Honestly, the gigantic void of fandom is what's always scared me away from it. I've fangirled my heart out over all kinds of stuff (some popular, some...very unpopular), but never really engaged with any fandoms because there was so much going on, so many superstars, etc. It was like being at a party where I didn't really know anybody and when that happens in real life, I usually don't go at all, or I leave pretty quickly. That's what I did with fandom and, in a way, I kind of regret it. I'm an Old, I s'pose, so I've been around for lots of waves, but never connected with any of them.

Anyway, I'm glad to read that you found a way to engage that feels accessible and fun for you, that helps you participate in what you love without too much hurt. It's encouraging--maybe I will actually do a fan thing one day! Thanks for writing this, though I know it must be hard to wrestle with and put out feelings like these!

(no subject)

Date: 2019-01-07 03:11 pm (UTC)
catsbythegreat: (Default)
From: [personal profile] catsbythegreat
*hugs* I admire you for being able to take a step back and figure out how to engage in the fandom in a way that is healthier for you! The engagement (or lack of) thing is so hard to deal with as a writer, especially when seeing the amount others get, and sometimes the best thing is to not have to see it at all!

Your voice definitely matters to me! I'm not really in the Marvel fandom anymore, but I do enjoy seeing what you have to say! I'm glad I found you on this site, too, because it's easier to not miss anything! This post really resonates a lot, and I hope you continue to find ways to engage with the fandom that are safe and allow you to enjoy yourself!

(no subject)

Date: 2019-01-08 05:16 am (UTC)
terresdebrume: A close up of Gamora from 'Guardians of the Galaxy'. She is looking at the camera with a happy but tearful smile. (bittersweet)
From: [personal profile] terresdebrume
Gosh yeah, it's so bizarre thinking about it like that--this year is the 15th I've been in Fandom at all (maybe 11th for the english speaking side of fandom) so looking back is always a bit of a Thing x)

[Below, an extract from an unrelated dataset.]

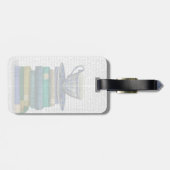 Teacup en Boeken Bagagelabel (Achterkant horizontaal)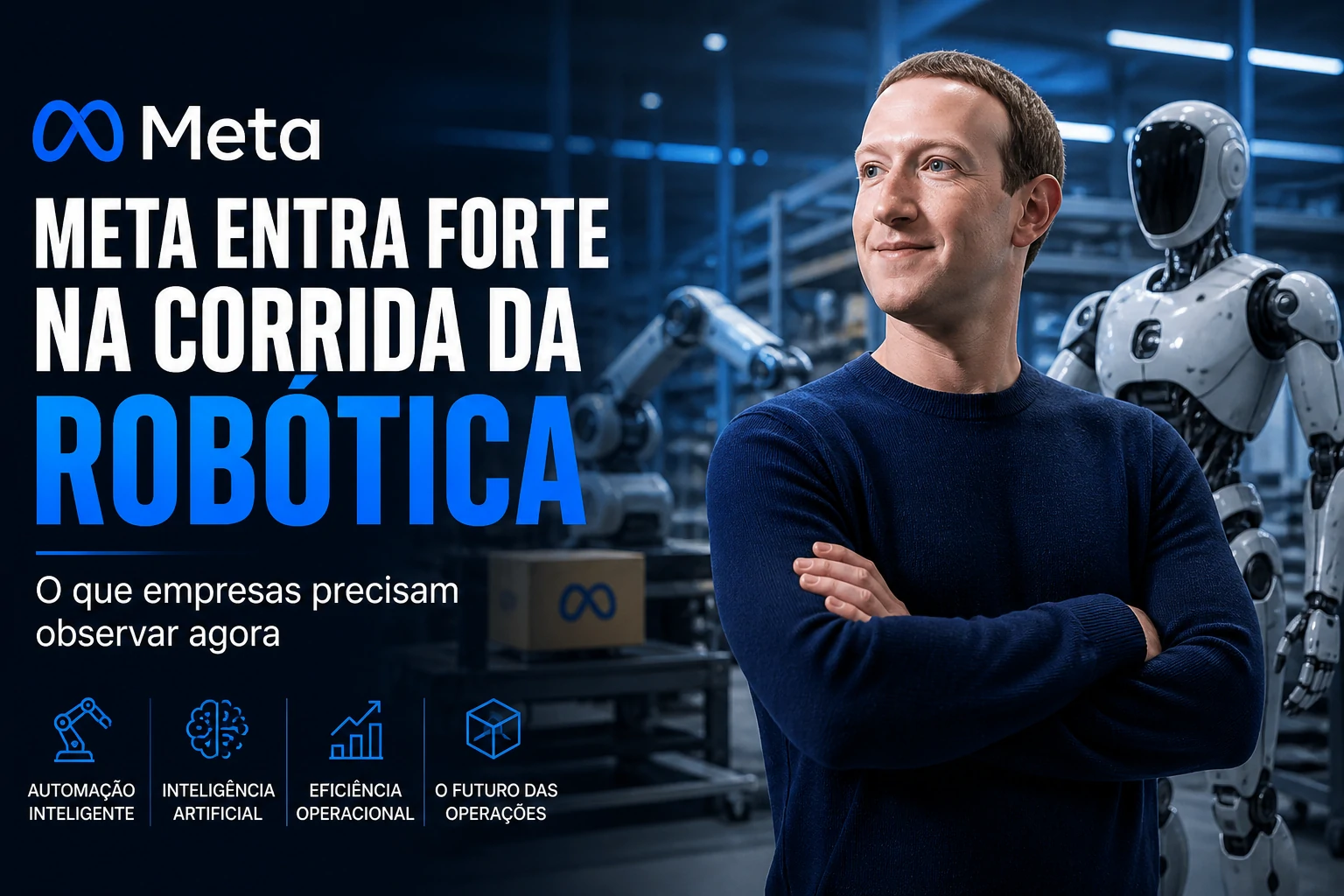 Robótica inteligente aplicada a operações empresariais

But I agree with you re: tumblr, there was a lot of change in the culture and general atmosphere of the site and some of them were just not conductive to making people want to engage at all tbh :/
Edited Date: 2019-01-08 05:17 am (UTC)

(no subject)

Date: 2019-01-08 01:18 pm (UTC)
catsbythegreat: (Default)
From: [personal profile] catsbythegreat
Yeah! I've had more actual conversations here than on tumblr so far, which is really nice!